Pauvreté, logement et énergie – Un nouveau regard sur la pauvreté et les inégalités

Cette note a pour objectifs d’actualiser, d’approfondir et de synthétiser diverses réflexions de l’IDD sur la pauvreté, le logement et l’énergie et d’articuler ces trois dimensions, au cÅ“ur des débats socio-politiques de l’heure.

Pour commencer, l’IDD a établi deux budgets de référence : pour une personne isolée et pour une maman seule avec 2 jeunes enfants ; ces configurations de ménages ont été sélectionnées parce que beaucoup de ménages pauvres sont dans une de ces deux situations.

LES BUDGETS DE RÉFÉRENCE

« Les budgets de référence apportent une réponse à la question de savoir de quel revenu minimum une famille donnée a besoin pour pouvoir participer pleinement à la société ». Par définition, et c’est là un des avantages majeurs de cette approche, ces budgets dépendent d’une situation à l’autre (en bonne santé ou pas, logement social ou pas, tarif social pour l’énergie ou pas…).

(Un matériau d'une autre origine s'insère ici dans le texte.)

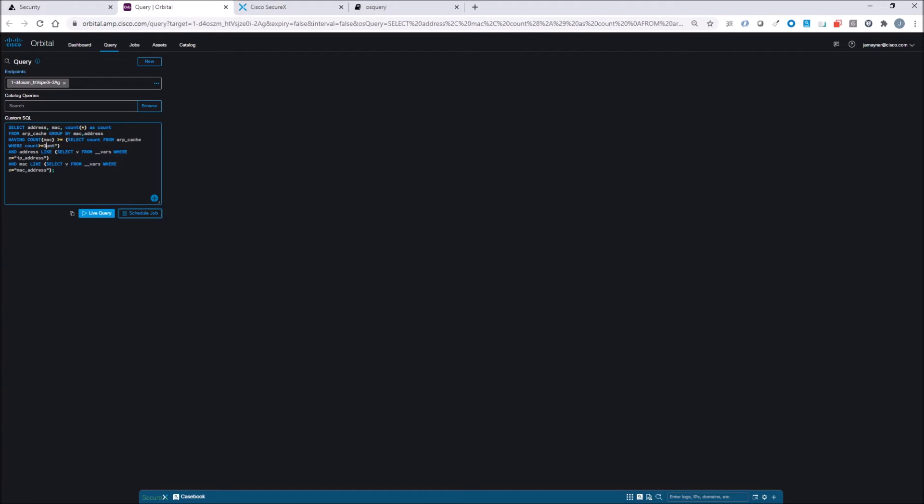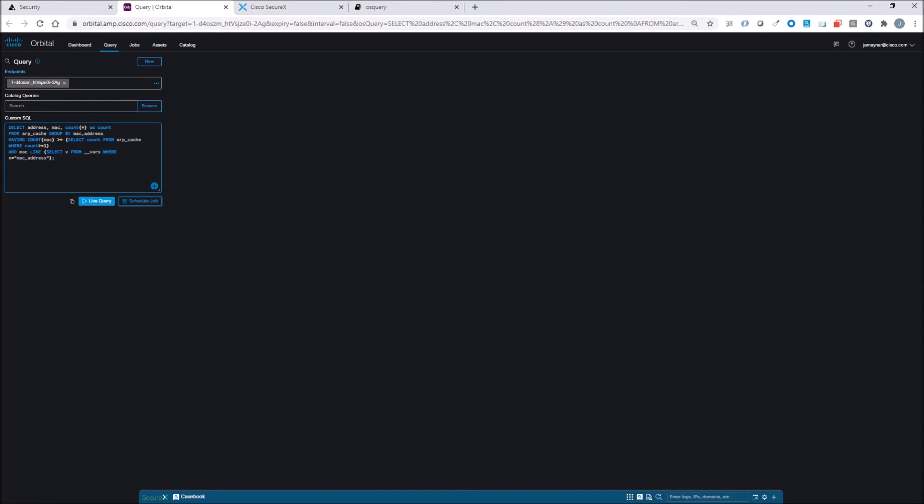We'll clean this up a little bit. We're going to get rid of and address, and we're going to say Mac like Mac from ARP underscore cache where Mac equals that physical address.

Commençons par des situations « simples : les ménages sont locataires dans le secteur privé, ils sont en bonne santé, ils ne travaillent pas et ils n’ont pas besoin d’une voiture pour se déplacer ; voici quelques budgets de référence calculés par l’IDD pour juin 2022 (montants arrondis à la dizaine) pour diverses configurations de logement et d’énergie.

Deux constats essentiels :

  • entre le budget de référence le plus petit (variante : tarif social pour l’énergie et loyer social) et le plus élevé (variante : prix de l’énergie du marché – situation qui pouvait être rencontrée avant février 2021 – et loyer privé), la différence est, en 2022, de 550 €/mois pour une personne seule et de 710 €/mois pour le ménage monoparental ; or ces deux situations extrêmes sont considérées de la même manière dans l’approche européenne du taux de pauvreté (seuil de pauvreté = 60% du revenu médian) !
  • l’accès au tarif social pour l’énergie permet à une personne seule avec un loyer privé d’économiser 120 €/mois ; l’économie est de 180 €/mois pour une maman solo avec 2 enfants.

BUDGET DE RÉFÉRENCE, SEUIL DE PAUVRETÉ ET REVENU D’INTÉGRATION

Le tableau suivant permet de constater que :

  • le budget de référence est supérieur au seuil de pauvreté pour les ménages qui sont locataires dans le secteur privé mais inférieur au seuil de pauvreté pour les ménages bénéficiant d’un loyer social
  • le budget de référence est très nettement supérieur au revenu d’intégration pour les ménages qui sont locataires dans le secteur privé mais proche du revenu d’intégration pour les ménages bénéficiant d’un loyer social.

ENSEIGNEMENTS

Rappelons d’abord que les montants cités ci-dessus dépendent étroitement des hypothèses retenues . Or, on sait, par exemple, que les loyers sont à Bruxelles supérieurs à ce qu’ils sont à Namur, que les quantités d’énergie consommées varient en fonction de nombreux paramètres, etc. D’autre part, n’ont été étudiés ici que les budgets de référence d’un adulte vivant seul ou d’une maman solo avec 2 jeunes enfants.

On peut néanmoins penser que, d’une manière générale, les budgets de référence pour les ménages locataires dans le secteur privé sont supérieurs au seuil de pauvreté relatif, surtout s’ils ont à faire face à des dépenses liées à l’exercice d’un emploi et/ou se chauffent au mazout et/ou ont de graves problèmes de santé et/ou ont un ou plusieurs enfant(s) dans l’enseignement supérieur ; dans tous les cas, les budgets de référence sont aussi supérieurs au revenu d’intégration.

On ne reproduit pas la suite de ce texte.